The data Start Marker
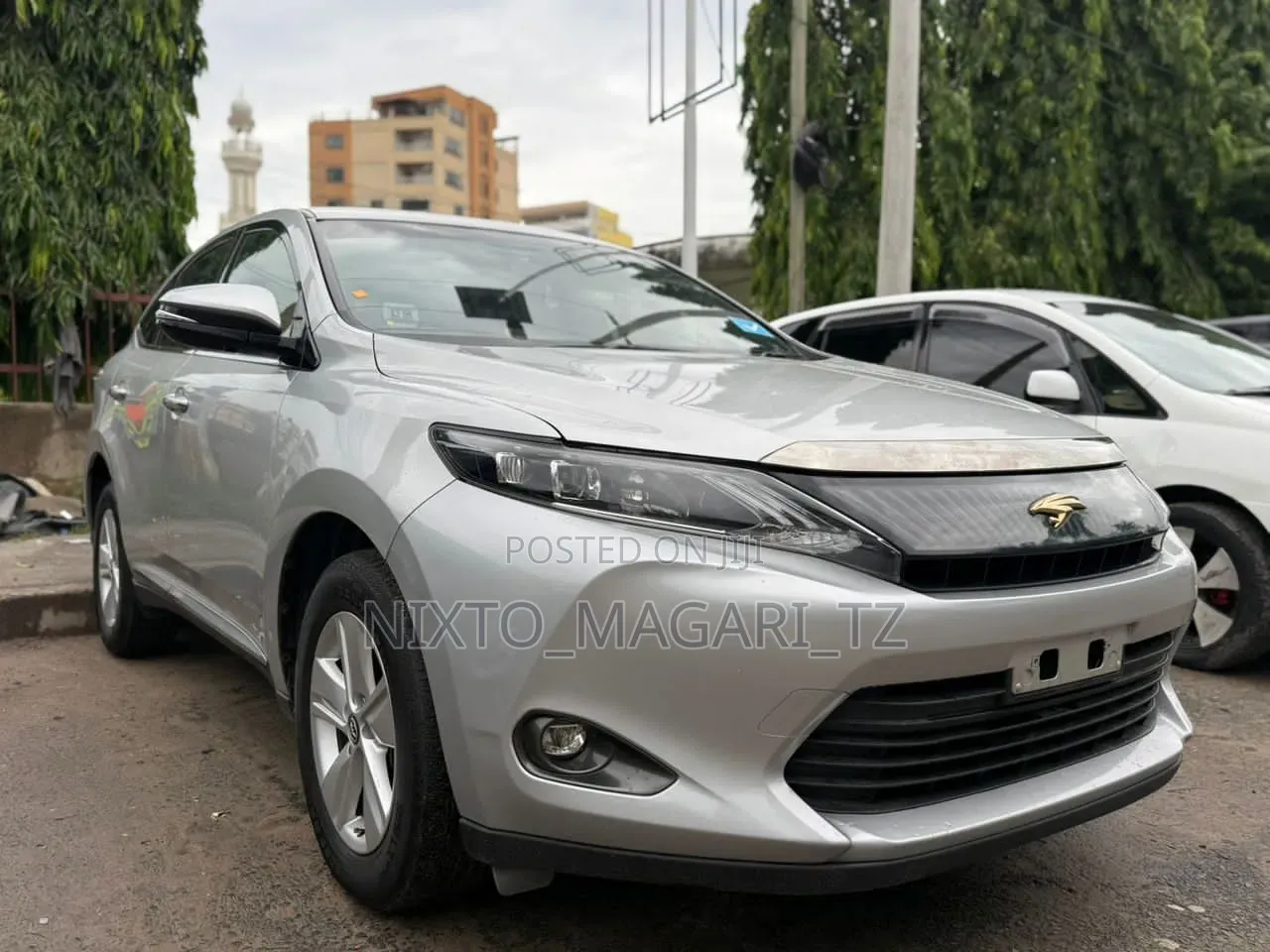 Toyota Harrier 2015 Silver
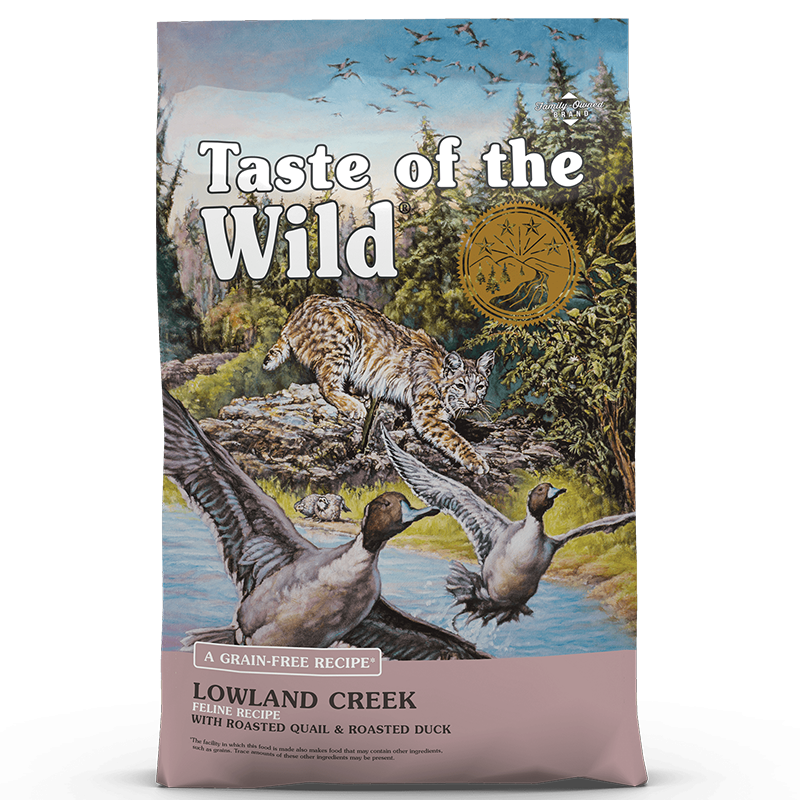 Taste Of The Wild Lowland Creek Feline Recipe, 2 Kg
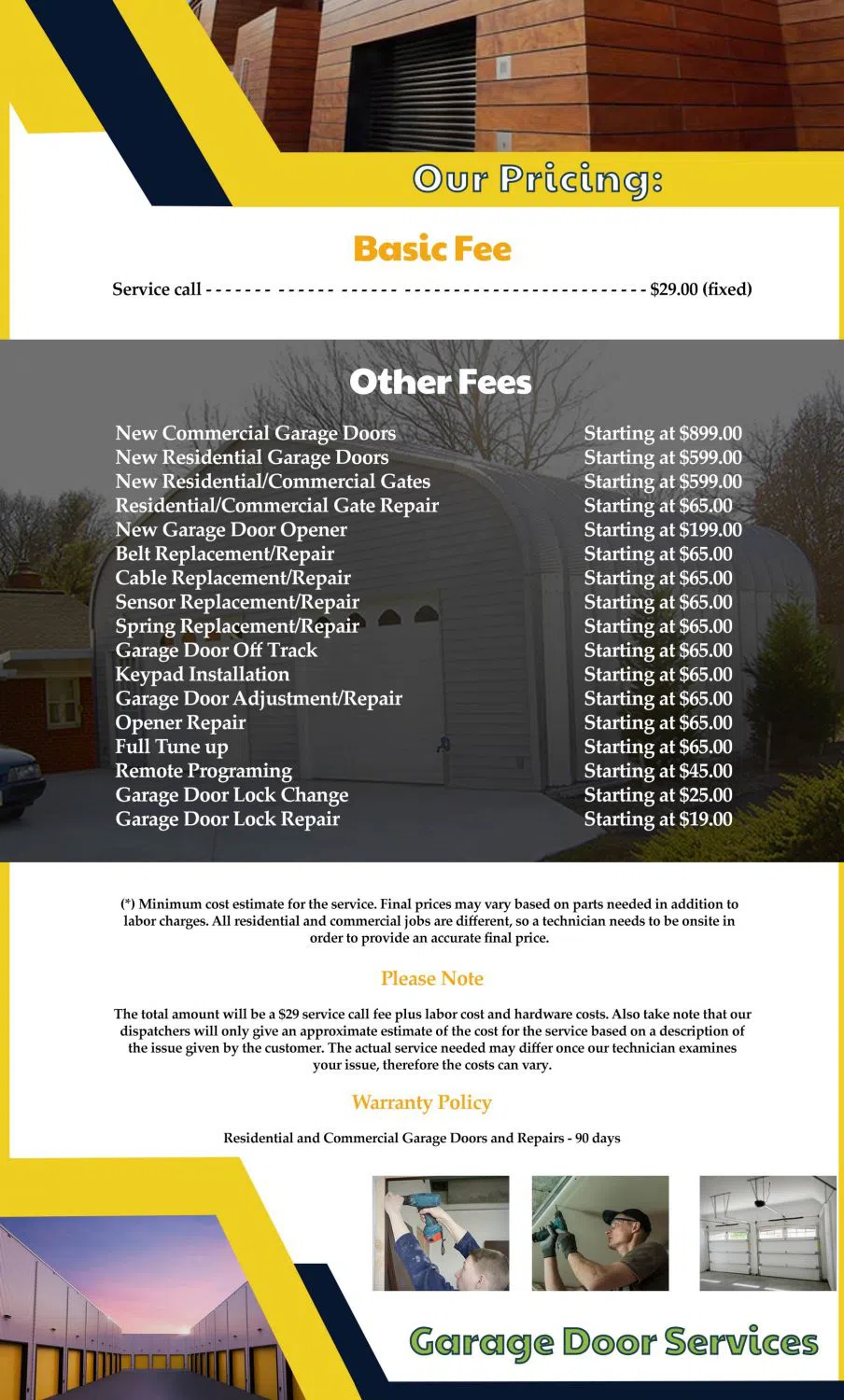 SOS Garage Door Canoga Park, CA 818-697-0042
The data End Marker
Exercise directions: The result should be a word-for-word restatement of all the data, without images.

Response:
 Toyota Harrier 2015 Silver
 Taste Of The Wild Lowland Creek Feline Recipe, 2 Kg
 SOS Garage Door Canoga Park, CA 818-697-0042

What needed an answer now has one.